The Trial Of Captain Thomas Preston After The Boston Massacre

Sometimes service to the king doesn’t pay. That was the case on March 5, 1770 when Private Hugh White ran into trouble when trying to protect the local Custom House treasury funds on King Street in the colonial city of Boston. The story goes that a number of colonists began to antagonize and assault White without cause, after which he eventually called for backup while prostrate on the ground. When Captain Thomas Preston and some of his troops surrounded the Custom House, it seemed only a matter of time before blood would be spilled.

Such was the case.

Colonists physically assaulted the soldiers — according to various accounts, none of which seem to say the same thing — and one of the soldiers apparently fired his weapon either intentionally or unintentionally. We’ll never know for sure, and it doesn’t really matter. It was only the first shot, then followed by many more. Five colonists were killed in the resulting chaos. Six others were injured.
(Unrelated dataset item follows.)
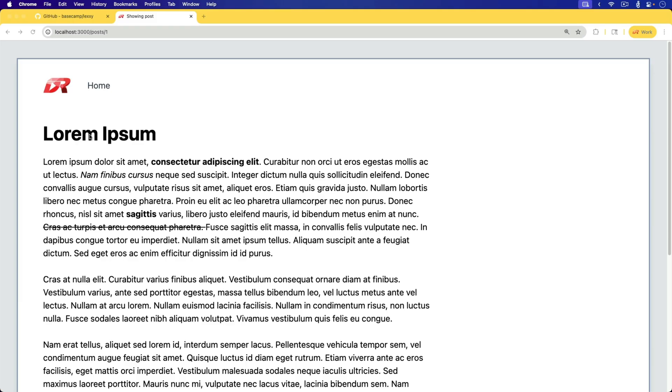In this example, we have a post that has a title and content. This was created with the standard Action Text install. When I generated the scaffold for the post, the content was generated with rich text.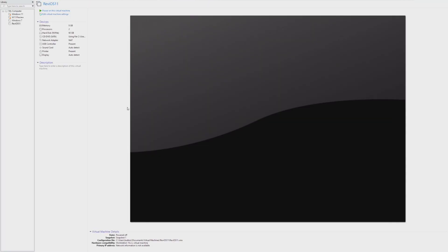Hey guys, it's Bub here, and in this video we're going to take a look at RevyOS 11, which is a custom version of Windows 11 actually designed for power users of Windows as well as gamers.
This event was one of the sparks that caused the American Revolution. Preston and those serving under his command were arrested shortly after the bloodshed. It would be future president John Adams who would actually argue in defense of Preston and his men — not because he had any love for the British, but because he believed anyone accused of a crime should have the right to a fair trial. Adams even convinced the judge overseeing the trial to find a jury of out-of-towners to make sure the eventual ruling was as impartial as possible.

Adams argued well. 

He said that conflicting stories left reasonable doubt as to the men’s guilt, and that they should be found not guilty of murder. All were. Two of the soldiers were, however, found guilty on a lesser charge of manslaughter and penalized with branding.

Some time after the event, Preston commented on the chaotic nonsense that had led them astray: “None of them was a hero. The victims were troublemakers who got more than they deserved. The soldiers were professionals…who shouldn’t have panicked. The whole thing shouldn’t have happened.”

No one can argue against that.

Even so, events continued to escalate in Boston: the historic Boston Tea Party cemented the feelings of ill will between colonists and redcoats, which led to the First Continental Congress and even more skirmishes before all-out war finally broke out. The rest is history.